■ DATASET EXCERPTS

※

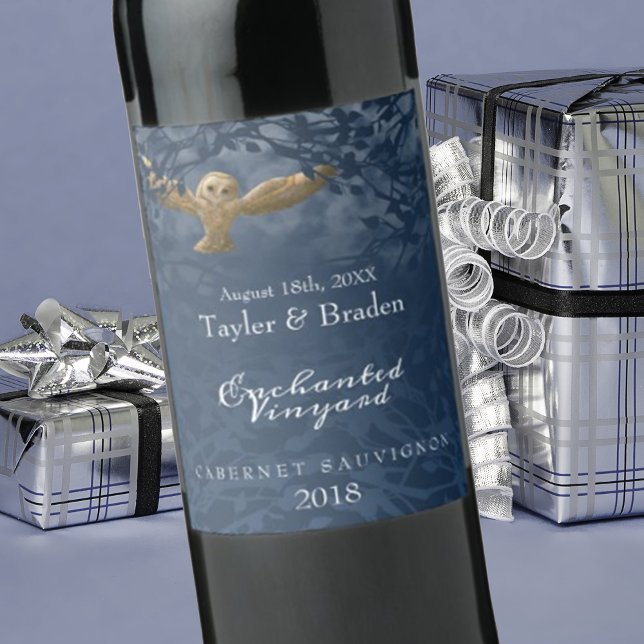 Moonlight Blue, Owl, Forest Food Wine Label (company Christmas logo wine labels, corporate holiday stickers, flying owl in flight, nighttime)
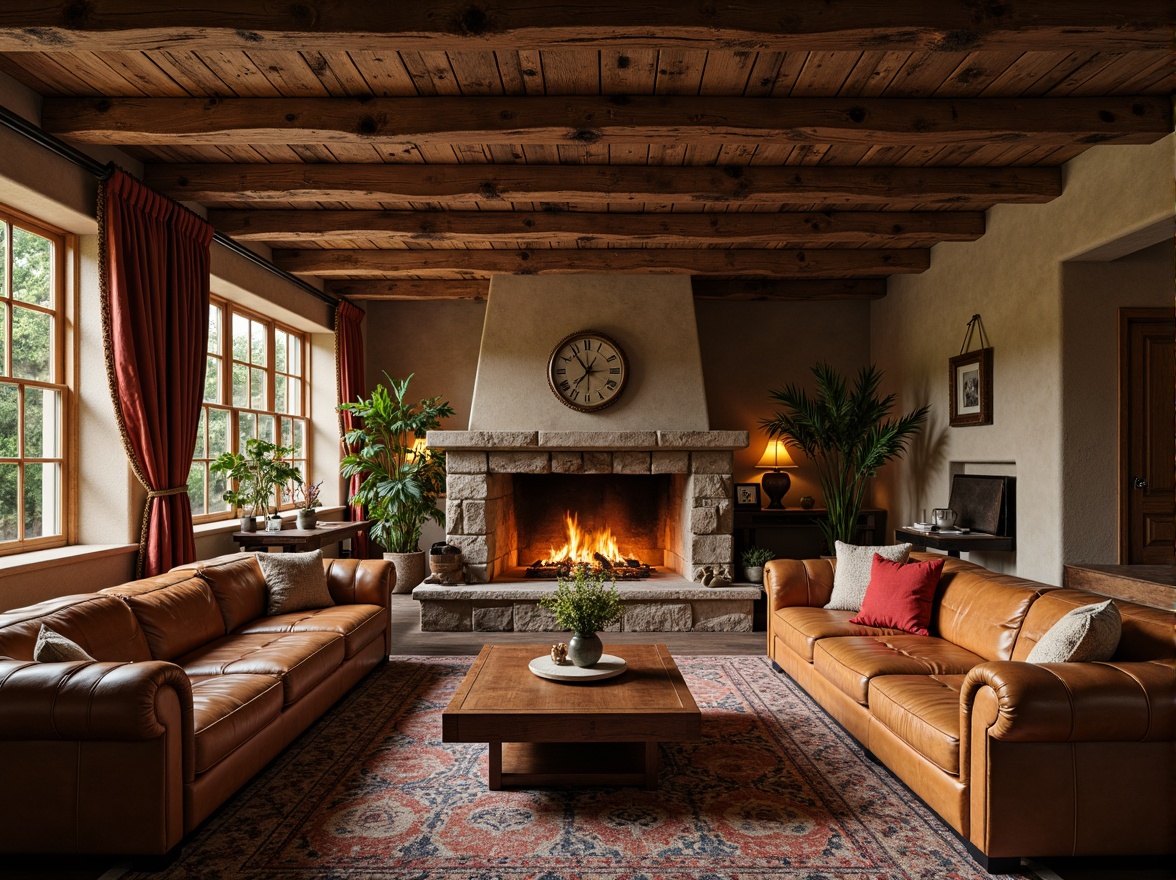 Prompt: Rustic country manor, vintage Art Deco elements, ornate wooden furniture, distressed leather sofas, velvet drapes, antique bronze fixtures, natural stone fireplaces, wooden ceiling beams, earthy color palette, warm golden lighting, shallow depth of field, 1/2 composition, soft focus, realistic textures, ambient occlusion.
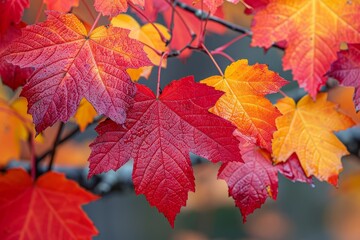 Fototapeta premium Maple Tree in Fall Foliage: Rich red and orange leaves covering the branches. 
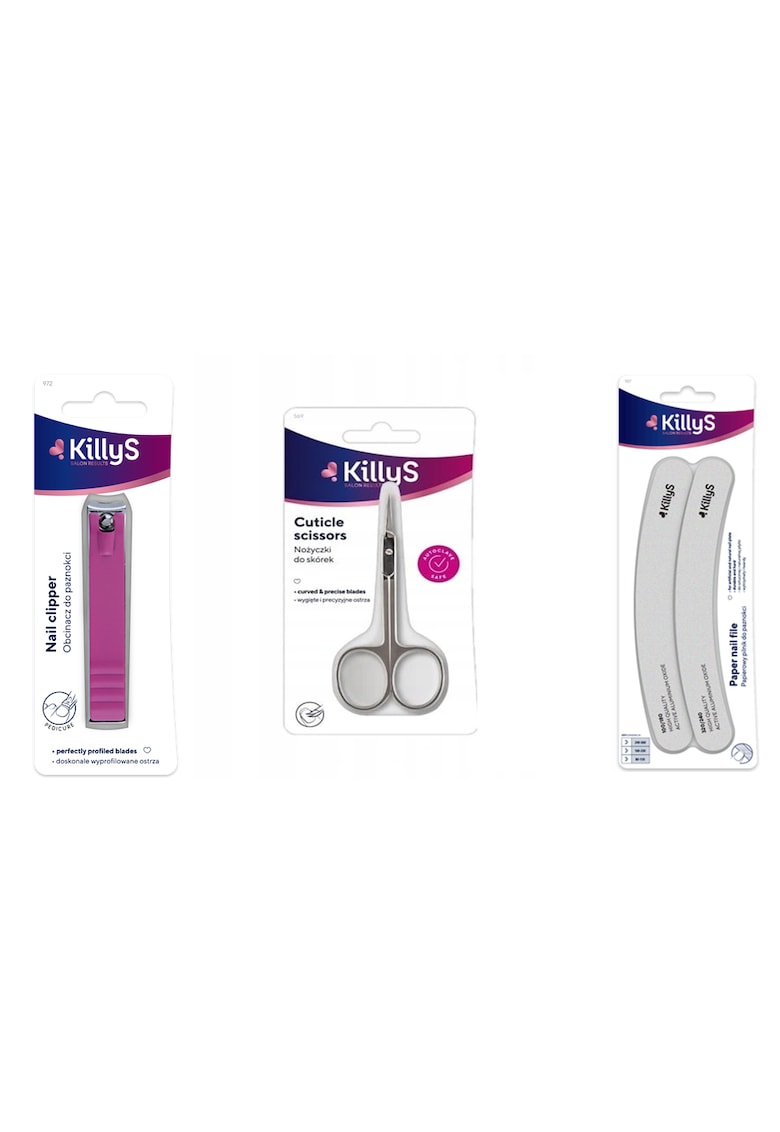 Set ingrijire unghii Killy's: 1 x forfecuta cuticule -1 x unghiera mare - 2 x pila Set ingrijire unghii Killy's: 1 x forfecuta cuticule -1 x unghiera mare - 2 x pila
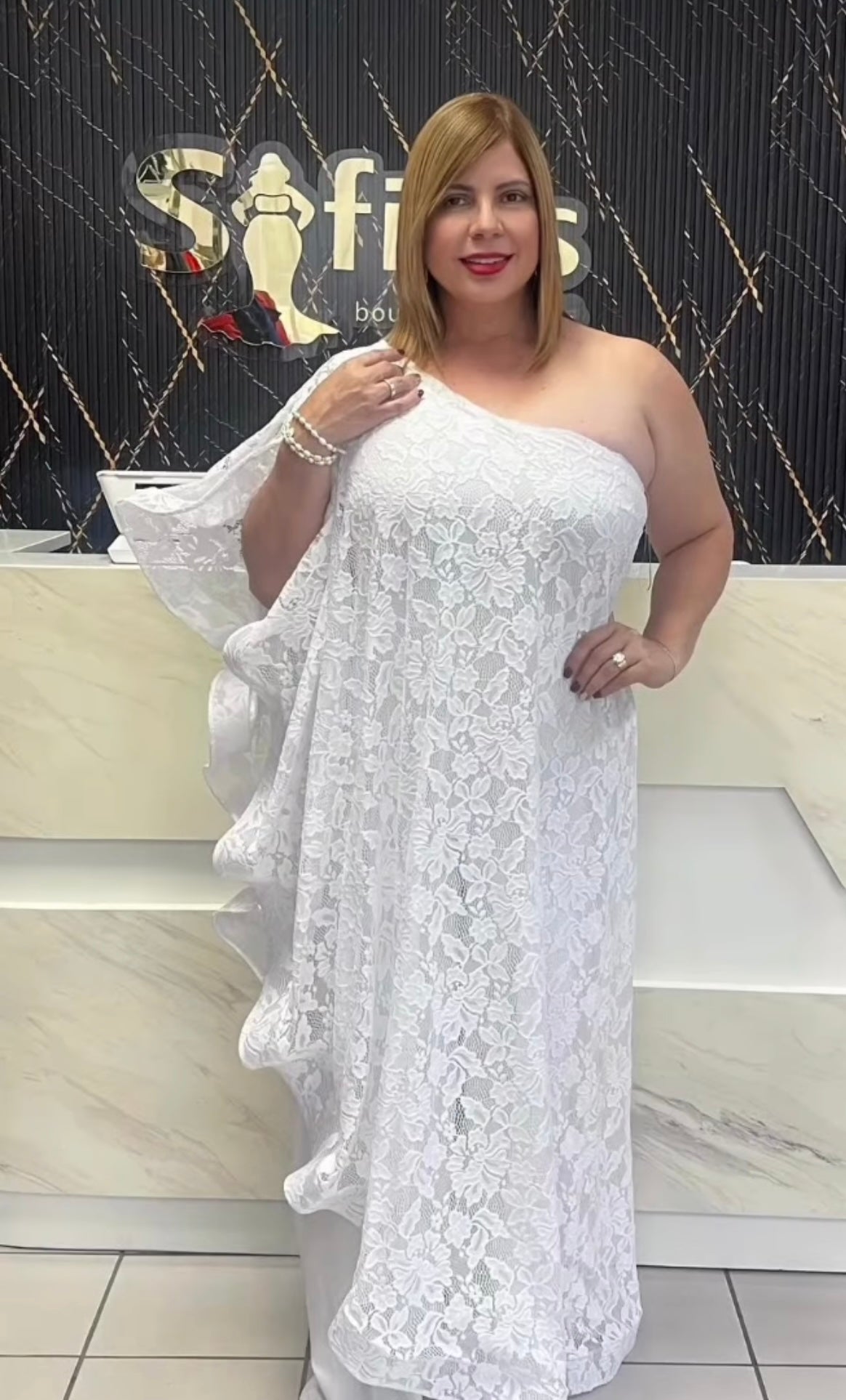 White lace plus size jumpsuit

※

■ TASK INSTRUCTIONS
With pictures left out, repeat exactly the lines from the line bearing "Prompt: Rustic country" through the final line of the records above.

■ RESULT FOR THIS EXERCISE
 Prompt: Rustic country manor, vintage Art Deco elements, ornate wooden furniture, distressed leather sofas, velvet drapes, antique bronze fixtures, natural stone fireplaces, wooden ceiling beams, earthy color palette, warm golden lighting, shallow depth of field, 1/2 composition, soft focus, realistic textures, ambient occlusion.
 Fototapeta premium Maple Tree in Fall Foliage: Rich red and orange leaves covering the branches. 
 Set ingrijire unghii Killy's: 1 x forfecuta cuticule -1 x unghiera mare - 2 x pila Set ingrijire unghii Killy's: 1 x forfecuta cuticule -1 x unghiera mare - 2 x pila
 White lace plus size jumpsuit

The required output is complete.